Era um dos dias da época em que a noite faz-se presente por quase as vinte e quatro horas. Era o meu aniversário e em poucos dias também era o de Ásmundur. Aos vinte a vida é um incêndio em dia de ventania. Sabíamos disso.

Estávamos escondidos naquele celeiro que alguma família abandonara ao deixar a vila e rumar para as terras menos perigosas. Fazíamos completos por nossa presença: seu corpo quente sobre o meu e ambos sobre um colchão velho que carregamos para o local a fim de termos algum conforto naquelas fugas não tão raras. Estávamos sujos de nossos pecados e gostávamos de experimentar nossos cheiros. Éramos beijos, apertões firmes e marcas de força estrategicamente medida, pois deveriam sumir em pouco tempo.

Com uma mão segurava o cigarro que tragava próximo ao meu rosto e com a outra mantinha aceso o isqueiro que usava. Divertia-se com a possibilidade de manter a chama acesa sem esforço. Era só abri-lo e deixar queimar. Gostava de assistir o fogo. A dança vermelha. Abaixo dele e da quentura, eu assistia àquilo através dos seus olhos iluminados. Queimávamos cada um em seu próprio corpo.

Aproximava a chama da língua exposta e fingia lamber o fogo. Dizia que adorava o sabor dele. Sempre depois do gole, um beijo. Queria assim dar-me uma prova do seu sabor recém aquecido. Era excitante o beijo e a vitalidade exercida em outras transas subsequentes à principal. Pedia-me para provar do fogo, mas não era essa minha vontade: eu gostava de vê-lo experimentar aquilo. Gostava de ser o expectador e às vezes o dono da mão que levava o isqueiro à boca macia que entregava-me beijos violentos.
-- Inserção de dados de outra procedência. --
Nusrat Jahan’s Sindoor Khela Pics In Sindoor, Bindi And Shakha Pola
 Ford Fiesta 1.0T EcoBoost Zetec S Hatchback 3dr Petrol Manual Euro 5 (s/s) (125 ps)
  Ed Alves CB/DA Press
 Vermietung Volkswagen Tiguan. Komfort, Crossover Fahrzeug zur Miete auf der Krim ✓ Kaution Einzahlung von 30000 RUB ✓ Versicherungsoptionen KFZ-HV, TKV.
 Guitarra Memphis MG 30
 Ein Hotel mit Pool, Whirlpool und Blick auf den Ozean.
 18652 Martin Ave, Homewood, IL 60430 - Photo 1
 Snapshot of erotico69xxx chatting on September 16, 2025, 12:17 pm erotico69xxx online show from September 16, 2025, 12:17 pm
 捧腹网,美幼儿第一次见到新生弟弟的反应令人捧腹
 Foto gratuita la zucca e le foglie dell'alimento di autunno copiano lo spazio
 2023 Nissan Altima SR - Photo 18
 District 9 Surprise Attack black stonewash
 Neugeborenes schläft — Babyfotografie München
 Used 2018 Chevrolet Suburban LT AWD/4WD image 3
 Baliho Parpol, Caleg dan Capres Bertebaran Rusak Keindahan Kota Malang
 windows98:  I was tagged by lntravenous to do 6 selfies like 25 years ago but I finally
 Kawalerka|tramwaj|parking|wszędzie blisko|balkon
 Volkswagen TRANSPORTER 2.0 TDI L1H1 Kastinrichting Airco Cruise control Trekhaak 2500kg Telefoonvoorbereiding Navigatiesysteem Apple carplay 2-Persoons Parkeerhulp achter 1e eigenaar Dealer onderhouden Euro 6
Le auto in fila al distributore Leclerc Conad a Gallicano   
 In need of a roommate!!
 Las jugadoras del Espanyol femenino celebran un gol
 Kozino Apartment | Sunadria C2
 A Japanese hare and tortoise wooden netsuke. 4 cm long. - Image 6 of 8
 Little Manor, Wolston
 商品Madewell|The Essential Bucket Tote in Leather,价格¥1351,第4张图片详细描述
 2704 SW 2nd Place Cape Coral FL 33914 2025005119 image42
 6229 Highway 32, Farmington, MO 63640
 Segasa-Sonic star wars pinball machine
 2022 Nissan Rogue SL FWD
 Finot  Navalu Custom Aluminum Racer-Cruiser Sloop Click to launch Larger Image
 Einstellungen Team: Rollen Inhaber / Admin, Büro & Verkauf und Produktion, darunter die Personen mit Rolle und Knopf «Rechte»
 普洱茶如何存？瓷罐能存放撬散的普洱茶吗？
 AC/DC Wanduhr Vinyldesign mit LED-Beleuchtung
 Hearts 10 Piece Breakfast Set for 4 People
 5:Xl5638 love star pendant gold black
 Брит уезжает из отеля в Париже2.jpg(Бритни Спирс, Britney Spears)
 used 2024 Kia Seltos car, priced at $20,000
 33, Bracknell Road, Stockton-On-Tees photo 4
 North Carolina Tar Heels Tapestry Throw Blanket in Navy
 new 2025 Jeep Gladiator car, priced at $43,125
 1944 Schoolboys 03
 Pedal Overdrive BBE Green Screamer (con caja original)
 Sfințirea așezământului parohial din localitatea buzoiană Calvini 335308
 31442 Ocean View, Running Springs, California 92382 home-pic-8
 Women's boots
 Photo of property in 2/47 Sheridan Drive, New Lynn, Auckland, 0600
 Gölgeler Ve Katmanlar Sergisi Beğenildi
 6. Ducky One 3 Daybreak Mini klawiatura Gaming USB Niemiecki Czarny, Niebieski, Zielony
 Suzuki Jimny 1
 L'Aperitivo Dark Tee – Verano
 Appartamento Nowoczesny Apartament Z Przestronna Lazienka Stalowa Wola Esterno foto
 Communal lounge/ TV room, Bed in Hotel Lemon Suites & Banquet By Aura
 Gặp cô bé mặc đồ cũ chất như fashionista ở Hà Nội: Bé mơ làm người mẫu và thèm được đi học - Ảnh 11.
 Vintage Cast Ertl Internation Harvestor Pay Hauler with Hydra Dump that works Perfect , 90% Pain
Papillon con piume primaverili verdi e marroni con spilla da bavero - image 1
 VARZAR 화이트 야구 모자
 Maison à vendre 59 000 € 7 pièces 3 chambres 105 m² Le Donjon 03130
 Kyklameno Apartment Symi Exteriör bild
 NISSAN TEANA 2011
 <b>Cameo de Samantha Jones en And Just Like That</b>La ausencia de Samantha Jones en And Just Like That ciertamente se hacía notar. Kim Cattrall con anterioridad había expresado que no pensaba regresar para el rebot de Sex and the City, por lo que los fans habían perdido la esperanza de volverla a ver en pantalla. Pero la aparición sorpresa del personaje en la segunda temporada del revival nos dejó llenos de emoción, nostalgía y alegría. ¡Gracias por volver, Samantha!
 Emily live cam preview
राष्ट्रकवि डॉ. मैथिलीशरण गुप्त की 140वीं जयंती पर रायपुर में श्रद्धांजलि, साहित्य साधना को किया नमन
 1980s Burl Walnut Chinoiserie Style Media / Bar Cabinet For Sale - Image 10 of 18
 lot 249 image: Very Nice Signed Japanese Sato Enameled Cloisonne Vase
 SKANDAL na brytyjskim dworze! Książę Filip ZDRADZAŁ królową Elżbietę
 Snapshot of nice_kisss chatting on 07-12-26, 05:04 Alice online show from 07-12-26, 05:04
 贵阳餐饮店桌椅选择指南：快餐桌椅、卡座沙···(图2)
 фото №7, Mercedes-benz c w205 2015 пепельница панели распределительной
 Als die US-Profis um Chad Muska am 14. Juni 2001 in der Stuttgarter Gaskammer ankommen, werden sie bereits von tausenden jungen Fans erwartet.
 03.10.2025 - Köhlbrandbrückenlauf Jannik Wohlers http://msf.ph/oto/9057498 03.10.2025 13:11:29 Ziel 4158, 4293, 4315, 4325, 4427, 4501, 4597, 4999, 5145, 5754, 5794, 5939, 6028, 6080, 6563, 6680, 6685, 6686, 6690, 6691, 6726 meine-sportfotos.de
Numa dessas brincadeiras o isqueiro escorregou da minha mão e caiu do alto da elevação de onde estávamos sobre um amontoado de coisas secas deixadas ali ao tempo. Em segundos havia uma chama que consumia em rapidez a madeira velha da parede. Aos risos nos vestimos, ainda cheirando a sexo, e nos deliciamos do fogo. Éramos a labareda que nos envolvia. A excitação da destruição, do beijo vermelho e quente e das chamas que quase tocavam nossa pele. A encenação do grito de dor de Ásmundur e o meu riso. Da nossa corrida para fora da armadilha quando esta deu sinais claros de que ruiria sobre nossos corpos miúdos e a excitação explícita do beijo em frente à imensa fogueira que restou.

house warming, lolrel.

Feliz aniversário, ele disse tendo o rosto iluminado pelas chamas que eram nossas.